The Storage Crisis

While not all of that information needs to be saved, today the world is creating mind-boggling volume of data faster than the capacity to store with the current storage technologies.

According to IBM research, the digital universe comprising all the digital information creates 2.5 quintillion bytes of data each day and is expected to hit 44 trillion gigabytes by 2020. That’s a tenfold increase compared to 2013 and roughly 90% of the world’s data was created in the last two years alone. These enormous data is said to enough for filling more than six stacks of computer tablets stretching to the moon.

Now science is looking to nature to find the best way to store these overwhelming data.

DNA as next generation storage

In nature, DNA (Deoxyribonucleic Acid) stores biological information acting as genetic blueprints for all living organisms. Recently scientists have discovered that a single molecule of DNA can be used for storing vast quantities of information for eternity.

In 2012 researchers at Harvard Medical School published that they had stored an entire book in DNA: George Church’s “Regenesis: How Synthetic Biology Will Reinvent Nature and Ourselves”. Also researchers at the European Molecular Biology Laboratory have encoded audio, image, and text files into a synthesized DNA molecule about the size of a dust grain, and then retrieve the information from the DNA with 99.99 percent accuracy.

In addition to academic or research institute, innovator companies like Microsoft is also trying to capitalize on the vast opportunities seen in DNA as storage system. Recently, Microsoft has purchased ten million DNA sequences from a tech startup called Twist Bioscience, specifically for research into data storage. Microsoft is known to be working on DNA Storage in collaboration with the University of Washington.

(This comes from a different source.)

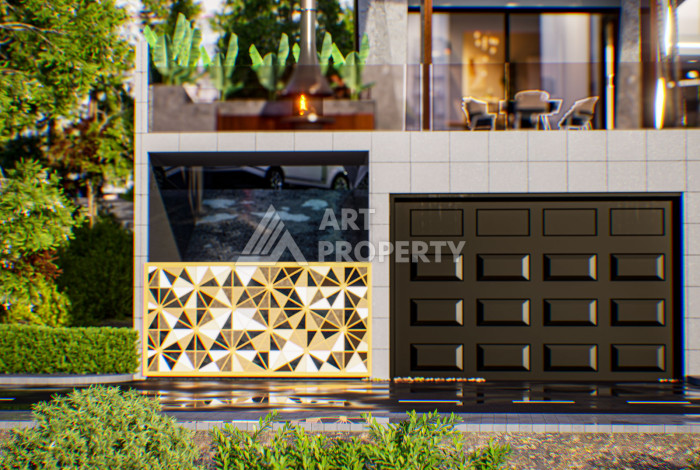 Вилла 4+1 Вашей мечты в районе Каргыджак - Ракурс 13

DNA molecules can store information many millions of times more densely than existing digital storage technologies like flash drives, hard drives, magnetic and optical media. An external hard drive for instance is about the size of a paperback book, can store about five terabytes of data and might last 50 years. In contrast, one gram of DNA could fit on a coin, store 455 exabytes of memory (that’s more than all the current digital data in the world, by a huge margin) and can survive for millions of years, a digital archive encoded in this form could be recovered by people for many generations to come.

To store a binary digital file as DNA, the binary digits are converted from 1 and 0 to the letters A, C, G, and T. These letters represent the four main compounds in DNA: adenine, cytosine, guanine, and thymine. The physical storage medium contains these four compounds (ie A, C, G, and T) in a sequence corresponding to the order of the bits (ie 0 and 1) in the digital file. To recover the data, the sequence A, C, G, and T representing the DNA molecule is decoded back into the original sequence of bits 1 and 0.

High throughput techniques with automated systems have made tailoring of DNA molecule from a digital code much easier, and high-throughput replication techniques that can create thousands of copies in just an hour or two.

The downside of DNA

The foremost limitation of DNA storage for practical use today are its exorbitant cost of making DNA for digital storage, slow encoding speed with access times of many hours to days.

The speed issue limits the technology’s promise for archiving purposes nearly, although with the technological advancement the speed may improve to the point where DNA storage can function effectively for daily applications as primary storage.

As for the cost, expenses may come down to the point as advances in technology for sequencing have already brought down from several millions of dollars to just hundreds of dollars now. For now DNA is best suited for archival purpose, rather than where files need to be accessed instantly.